**Task prompt**
Verbatim copy, pictures excluded: every line from the one with "Moderne LED-Pendelleuchte Ellipse" through the final line of the data below, and no other line.

**Given information**
*** Begin section ***

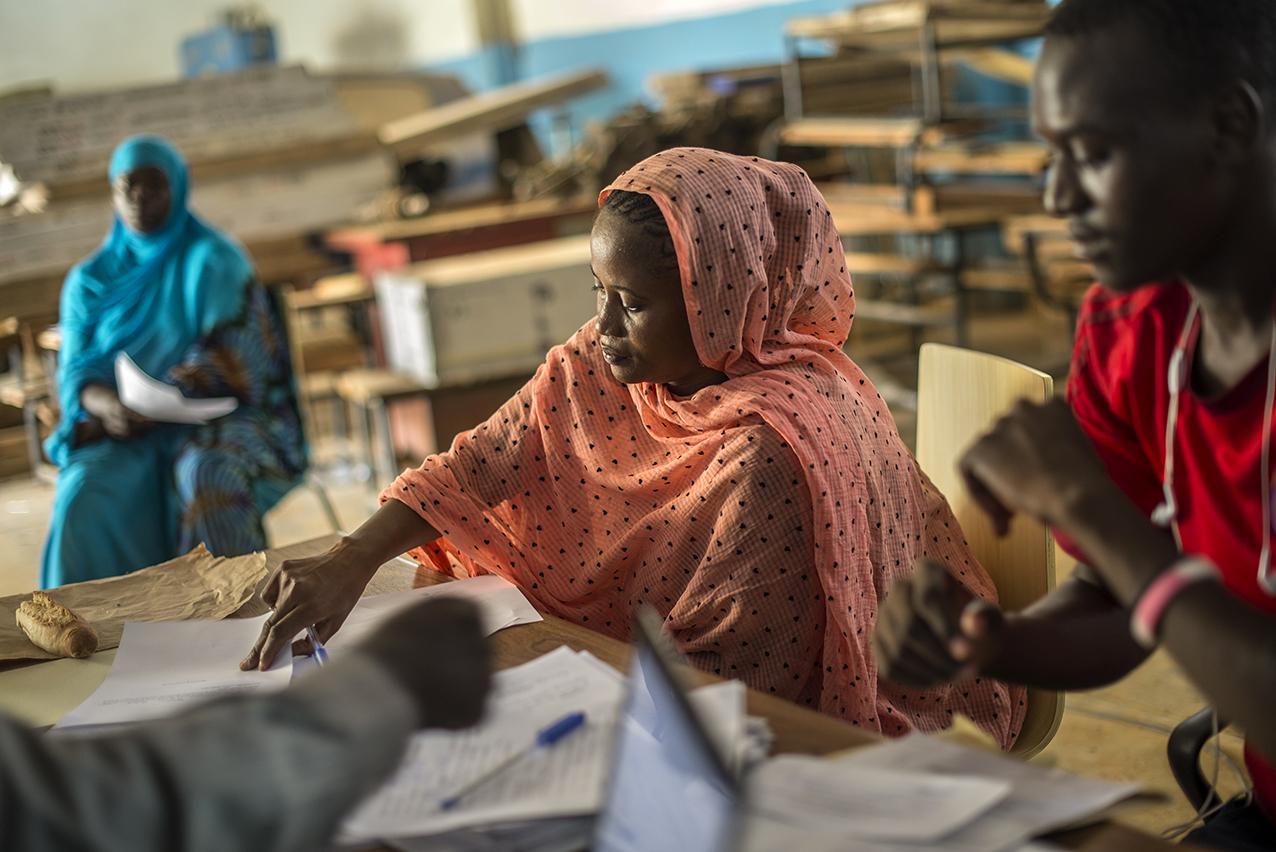 Four people fill out paperwork together at desks. 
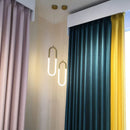 Moderne LED-Pendelleuchte Ellipse mit Höhenverstellung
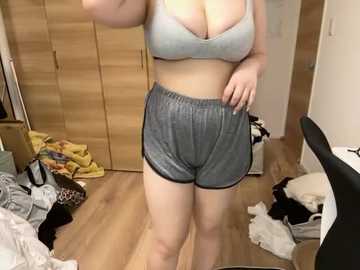 A video of a plus-sized woman in a light gray bra and shorts standing in a messy bedroom with wooden furniture, clothes scattered on the floor.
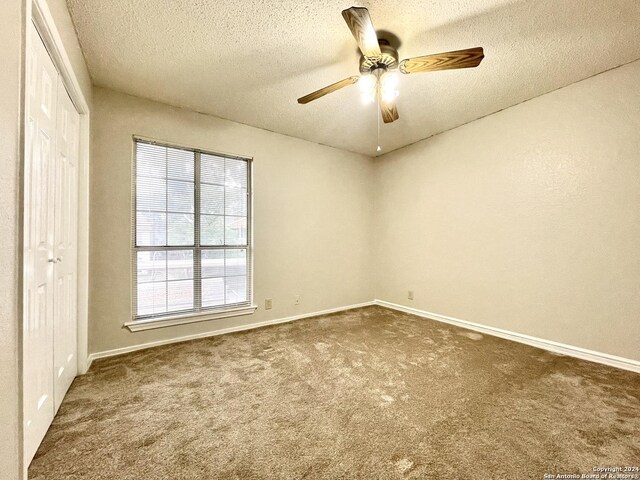 empty room featuring carpet, ceiling fan, and a textured ceiling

*** End section ***

**Response to this task**
 Moderne LED-Pendelleuchte Ellipse mit Höhenverstellung
 A video of a plus-sized woman in a light gray bra and shorts standing in a messy bedroom with wooden furniture, clothes scattered on the floor.
 empty room featuring carpet, ceiling fan, and a textured ceiling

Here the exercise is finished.